José Augusto Salta Moreira
Obrigado pelo texto que abordou os problemas que os que regressaram a Portugal tiveram que vencer. E fechou com chave de ouro o seu relato, com esta bela canção , sem esquecer que é triste partir sem voltar. Que saudades!…
Carlito
Intressant conteúdo, cheguei a Lisboa com 18, dormi uns dias no aeroporto até ter lugar num dos alojamentos do iarn pois não tinha família em Portugal 🇵🇹 ou seja, nascidos na metrópole , passei por tudo e mais alguma coisa tanto em Moçambique como em Portugal, após a minha chegada. De 76 a 81 tentei a minha sorte várias vezes por fora, desde vindimas a tripulante de navios, até me estabelecer na Suécia 🇸🇪 onde fiz/faço está a minha terra.

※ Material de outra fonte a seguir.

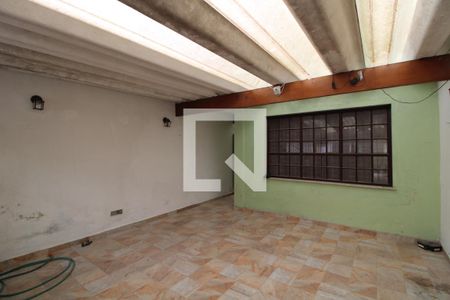 Casa à venda com 120m², 2 quartos e 2 vagasGaragem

Nem saudades de Portugal e muito menos Moç não é a terra q me viu nascer q me toca no peito mas sim a terra q “me vê viver”, essa sim é a minha terra. Com todo respeito ✊
Orlando Valente
Grande amigo JOAO SANTOS COSTA.
Andamos juntos a remar dentro do mesmo “bote”… mas por muito que rememos, nao saimos do mesmo sitio…e precisamente e apos 50 anos ja passados o que aconteceu connosco, sim, sao SAUDADES, SAUDADES e quando depois voltamos a realidade, as SAUDADES voltam … assim vamos vivendo. Joao Santois Costa, dissestes tudo sem sairmos do mesmo sitio… Os poemas que dedico a Mocambique escrevo-os do coracao, em poesia, nunca fui poeta, mas desabafo as saudades que sinto do MEU PAIS. Obrigado pelo texto e fotografias.
Orlando Valente
Raul Almeida
É sempre bom ouvir estas histórias.
Obrigado João
Grande abraço
Luis Russell Vieira
Aeroflot, única alternativa disponível. Maputo – Beira – Yemen do Sul – Cairo – dois dias em Moscovo – Luxemburgo – Lisboa – 1200 escudos recebidos do IARN (um sincero obrigado) – Carrazeda de Ansiães. Junho de 1977, depois de ter sido expulso da minha terra natal, com 12 anos de idade, pelo mesmo grupo que pratica os conhecidos atos contra a sua própria população, conforme descrito pelo João Santos Costa.
Também nunca mais voltei, nem voltarei. Solidariedade e sorte para o povo irmão de Moçambique.
Kanimambo e hambanine.
2luisbatalau@gmail.com
MAGNÍFICO TEXTO. NA ALTURA EU E A MINHA MULHER COMO TINHAMOS NASCIDO EM MOÇAMBIQUE, ALÉM DOS DOCUMENTOS OBRIGATÓRIOS QUE TINHAMOS QUE APRESENTAR, FOMOS OBRIGADOS A ASSINAR UM DOCUMENTO EM CMO NÃO VOLTAVAMOS A MOÇAMBIQUE. E NÓS “CUMPRIMOS”. NUNCA MAIS VOLTÁMOS. HAMBANINE. KANIMAMBO!